Dorothy Day Place currently serves nearly 1,000 people per day through both emergency shelter and permanent housing with supportive services. About 75 residents were relocated there from Mary Hall when the former closed five years ago. In 2020, during the early days of the pandemic, Ramsey County used Mary Hall as a temporary location for people experiencing homelessness and showing symptoms of COVID-19. Among other uses, it housed the Listening House day program.

“For decades, Catholic Charities Mary Hall served as a hub where Catholic Charities and other service providers offered shelter, housing and services to those in need,” said Catholic Charities’ spokesperson Therese Gales.

Affordable housing concentration

Still, arguments that affordable housing has become too concentrated in downtown St. Paul and other corners of the Twin Cities are mounting.

Located above Catholic Charities’ St. Paul Opportunity Center, the Dorothy Day Residence consists of 177 housing units, including 77 efficiency apartments and 100 single-room occupancy units. The Higher Ground St. Paul residences, located above the Higher Ground St. Paul shelter next door, has 193 single-room occupancy units.

A year ago, a group of Black ministers associated with the StairStep Foundation filed a lawsuit against the state of Minnesota, Minnesota Housing and the Metropolitan Council, accusing state and regional funders of placing too many affordable units along the Green Line in St. Paul and in other low-income, high-minority urban areas ill-equipped to provide resources for those in need.

But efforts to relocate services for the very poor to wealthier areas have sometimes withered against fierce community opposition.
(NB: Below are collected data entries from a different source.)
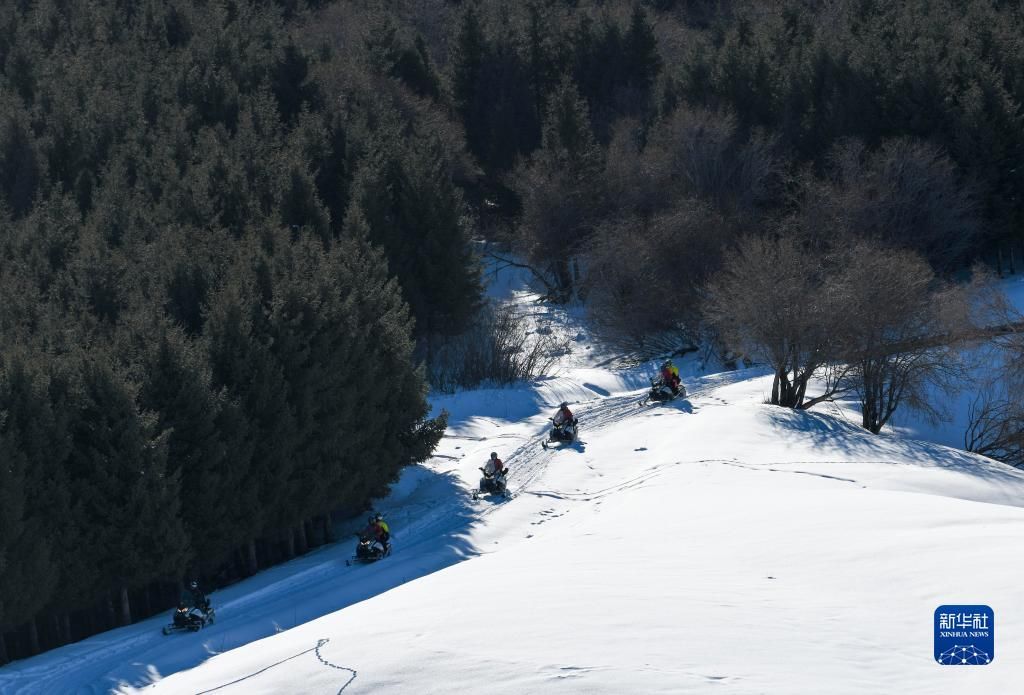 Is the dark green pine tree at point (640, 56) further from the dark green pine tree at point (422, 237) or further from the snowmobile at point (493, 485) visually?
the snowmobile at point (493, 485)


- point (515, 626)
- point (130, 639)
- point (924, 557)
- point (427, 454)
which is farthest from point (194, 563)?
point (924, 557)

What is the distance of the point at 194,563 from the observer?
23922mm

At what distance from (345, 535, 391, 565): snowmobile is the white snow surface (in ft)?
0.73

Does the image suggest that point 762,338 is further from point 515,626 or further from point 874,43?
point 874,43

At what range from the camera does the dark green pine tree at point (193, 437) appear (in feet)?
76.6

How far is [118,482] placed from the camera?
70.9ft

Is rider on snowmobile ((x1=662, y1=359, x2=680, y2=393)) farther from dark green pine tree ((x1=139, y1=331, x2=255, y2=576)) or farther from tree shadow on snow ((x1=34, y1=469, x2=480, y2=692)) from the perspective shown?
dark green pine tree ((x1=139, y1=331, x2=255, y2=576))

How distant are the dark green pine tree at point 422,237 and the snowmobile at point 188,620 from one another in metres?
25.0

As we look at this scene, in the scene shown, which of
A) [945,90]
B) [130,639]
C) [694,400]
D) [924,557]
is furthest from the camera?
[945,90]

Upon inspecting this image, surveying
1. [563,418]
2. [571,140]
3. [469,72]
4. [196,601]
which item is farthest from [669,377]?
[469,72]

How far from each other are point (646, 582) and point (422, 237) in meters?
31.9

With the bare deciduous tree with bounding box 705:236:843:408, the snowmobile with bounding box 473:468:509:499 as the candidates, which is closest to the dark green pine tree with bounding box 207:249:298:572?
the snowmobile with bounding box 473:468:509:499

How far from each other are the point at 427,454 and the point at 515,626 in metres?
16.8

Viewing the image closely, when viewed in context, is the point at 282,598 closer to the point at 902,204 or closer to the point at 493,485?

Ramsey County this year announced plans to relocate its Safe Space overnight emergency shelter from downtown Kellogg Boulevard to the Luther Seminary campus in St. Anthony Park, but had to scrap those plans when Luther pulled out of the arrangement after heavy criticism from residential neighbors.

Aeon has been working on the Mary Hall project “for a number of years,” said Laura Monn Ginsburg, a spokesperson for the nonprofit, in a written statement. “We have observed and share many of the same concerns as the Church regarding safety and security in the area and have made commitments for increased resident services and safety provisions based on the environment.”

“This housing is intended to provide a continuum of housing to serve residents as they are ready to be stabilized in the community,” she continued. “We see the area as a focal point to stabilize broadly – our lens does not just focus on the Mary Hall development. We look forward to working with the Church of the Assumption and stakeholders as a collective to strengthen stability in this area.”